In the spring of 1919, the impresario Sergei Diaghilev began work on a new idea: a ballet based on the Renaissance
characters of commedia dell’arte, with set designs by Pablo Picasso and music by Ottorino Respighi. (The Italian
theatrical tradition had been enjoying a brief revival: Richard Strauss’s Ariadne auf Naxos and Arnold Schoenberg’s
Pierrot Lunaire date from this period, too.) When Respighi withdrew from the project, Diaghilev approached Igor
Stravinsky, his collaborator on wildly successful productions of The Rite of Spring, Petrushka, and The Firebird.

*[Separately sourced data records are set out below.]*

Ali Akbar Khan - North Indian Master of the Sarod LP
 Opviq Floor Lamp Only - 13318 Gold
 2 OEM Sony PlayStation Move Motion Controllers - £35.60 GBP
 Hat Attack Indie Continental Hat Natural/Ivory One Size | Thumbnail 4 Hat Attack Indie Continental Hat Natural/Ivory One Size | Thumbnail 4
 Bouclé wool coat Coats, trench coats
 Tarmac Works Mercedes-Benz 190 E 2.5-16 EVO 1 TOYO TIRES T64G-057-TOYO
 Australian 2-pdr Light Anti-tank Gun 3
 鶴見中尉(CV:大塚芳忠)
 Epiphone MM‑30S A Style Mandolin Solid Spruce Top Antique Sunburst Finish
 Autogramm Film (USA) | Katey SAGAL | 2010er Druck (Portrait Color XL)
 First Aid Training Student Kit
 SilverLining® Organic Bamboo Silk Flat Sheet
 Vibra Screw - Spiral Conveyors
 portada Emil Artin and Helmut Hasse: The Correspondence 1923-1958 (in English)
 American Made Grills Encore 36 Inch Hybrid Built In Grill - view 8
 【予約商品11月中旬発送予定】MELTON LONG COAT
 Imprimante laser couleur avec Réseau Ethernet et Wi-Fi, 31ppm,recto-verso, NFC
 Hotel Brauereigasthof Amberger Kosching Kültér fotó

Diaghilev did not want an original score, however. Hoping to evoke the sense of a bygone era, he wanted his friend to
orchestrate pieces believed at the time to be by the 18th-century composer Giovanni Battista Pergolesi (since then,
scholars have shown that many were misattributed). Stravinsky had some initial reservations but agreed to look at the
music—and as the composer later recalled, “I looked and fell in love.” Pulcinella was a huge success, and it achieved
even greater renown as a concert suite (containing 11 of the original 18 movements) and transcriptions (the
Suite
italienne
) for violin or cello and piano.
Perhaps even more crucial is Pulcinella’s significance among Stravinsky’s works. Stravinsky said several decades later,
“Pulcinella was my discovery of the past, the epiphany through which the whole of my late work became possible.”
Stravinsky retained the spirit of the source material and infused it with something uniquely his own, striking a
delicate balance between past and present that ultimately came to be known as the “Neoclassical” style. This had a
profound impact on Stravinsky’s output. Although only one of his subsequent compositions is based on another composer’s
music (the 1928 ballet The Fairy’s Kiss, in which he reworked music by Tchaikovsky), many of the pieces that he wrote
between 1920 and 1950—such the Dumbarton Oaks Concerto, Oedipus Rex, and The Rake’s Progress—are indebted to older
models.
The source material comprises much of Pulcinella’s score; Stravinsky hardly alters the original melodic and bass lines.
In contrast to the massive instrumental forces of his earlier ballets, the instrumentation is relatively simple and
sparse. Straightforward meters replace the complex rhythms used so dramatically in works like The Rite of Spring. Yet
modern touches are clearly audible throughout the work, appearing as sly, witty anachronisms of harmony, rhythm, and
timbre. Inner voices are also altered, producing flashes of 20th-century dissonance. While Stravinsky’s approach to the
earlier sources is nuanced and subtle, the result is one of the most original—and arguably one of the most
significant—works of the 20th century.